Exercise aim –
Give back, unaltered, the lines from the one with "4、樱花寿司,搓成粗细一样的长条。长度跟海苔片一样。" to the end of the material, omitting pictures.

Dataset content –
* * *

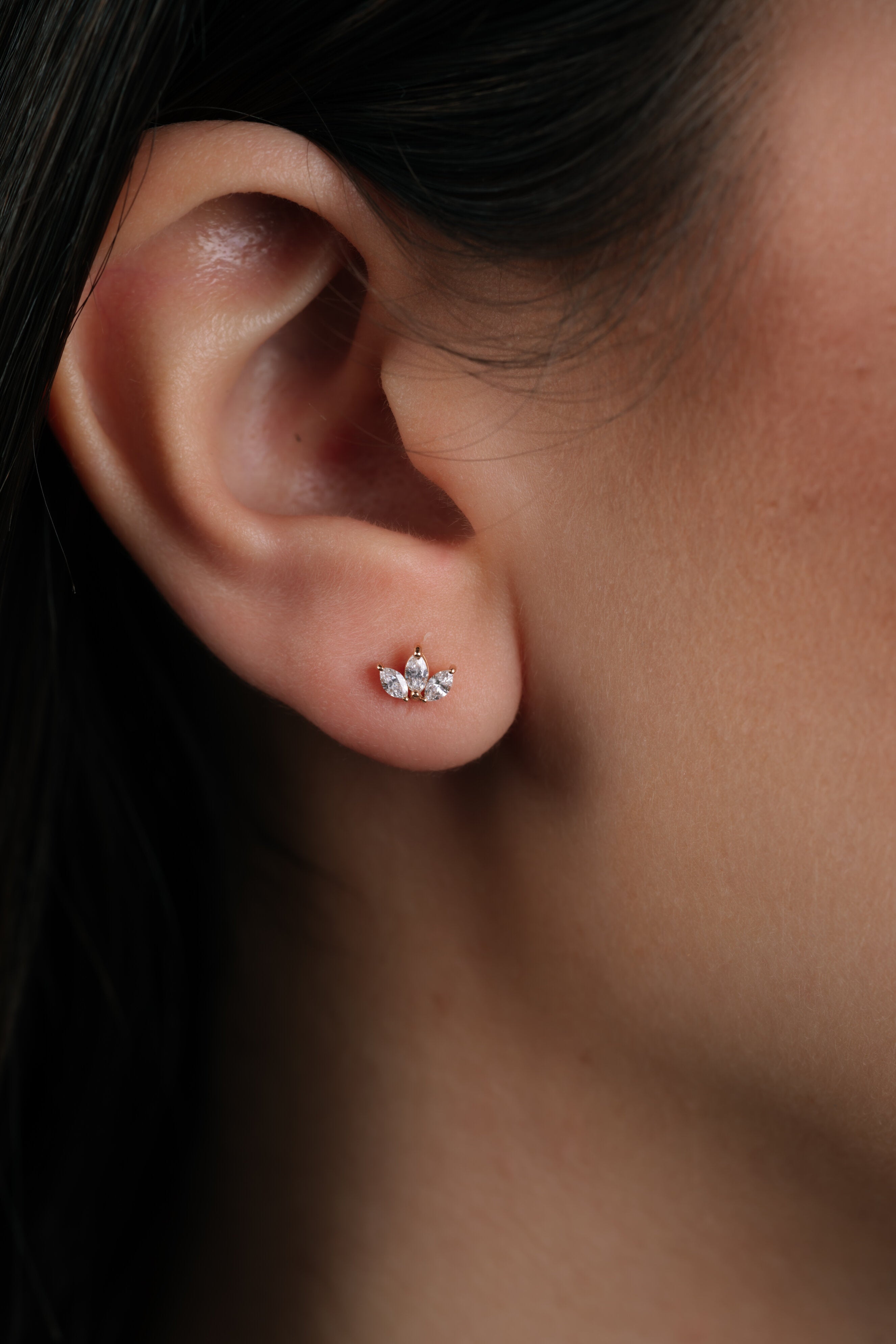 CERCEI E001074 DIN AUR ROZ 14K CU DIAMANTE MARQUISE - Bijuterii LA ROSA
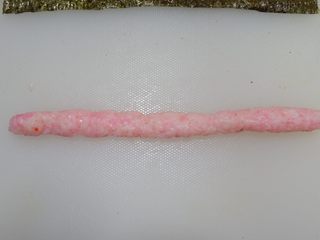 4、樱花寿司,搓成粗细一样的长条。长度跟海苔片一样。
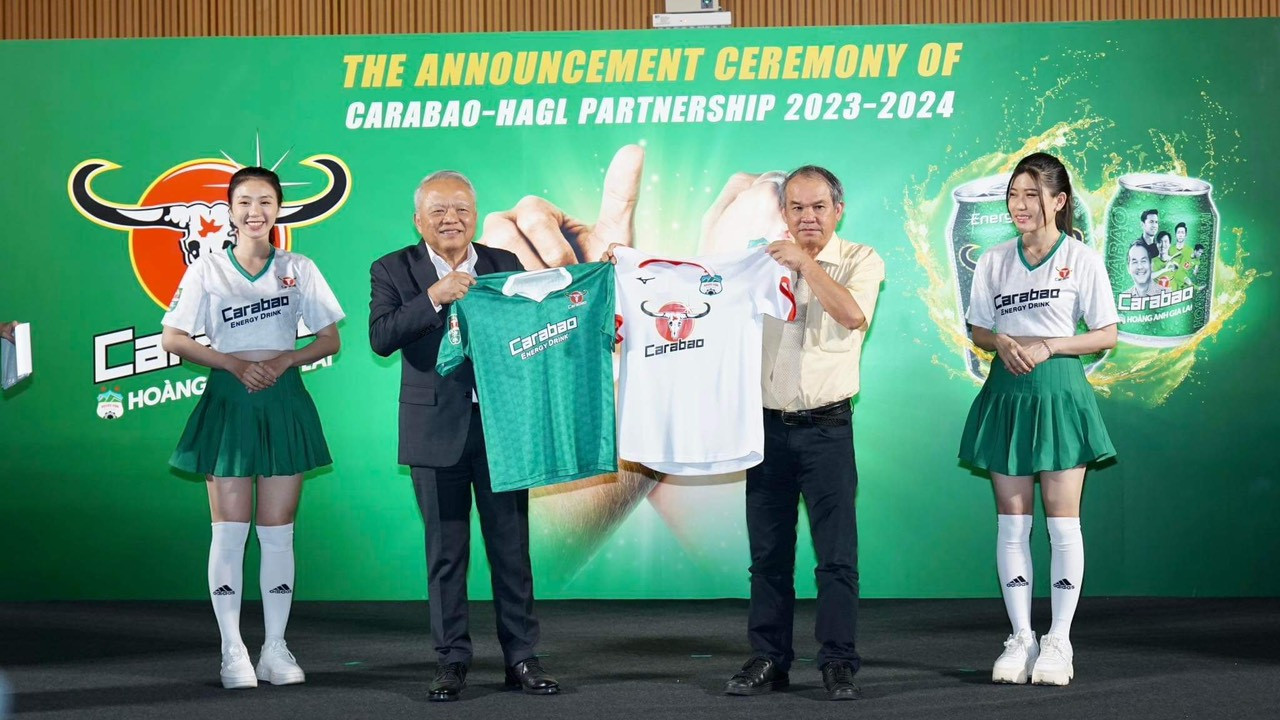 Ông Sathien Sathientham- Chủ tịch Carabao Group Public Company Limited  và ông Đoàn Nguyên Đức - Chủ tịch Tập đoàn Hoàng Anh Gia Lai trao đổi áo tại lễ ký kết.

* * *

Your response –
 4、樱花寿司,搓成粗细一样的长条。长度跟海苔片一样。
 Ông Sathien Sathientham- Chủ tịch Carabao Group Public Company Limited  và ông Đoàn Nguyên Đức - Chủ tịch Tập đoàn Hoàng Anh Gia Lai trao đổi áo tại lễ ký kết.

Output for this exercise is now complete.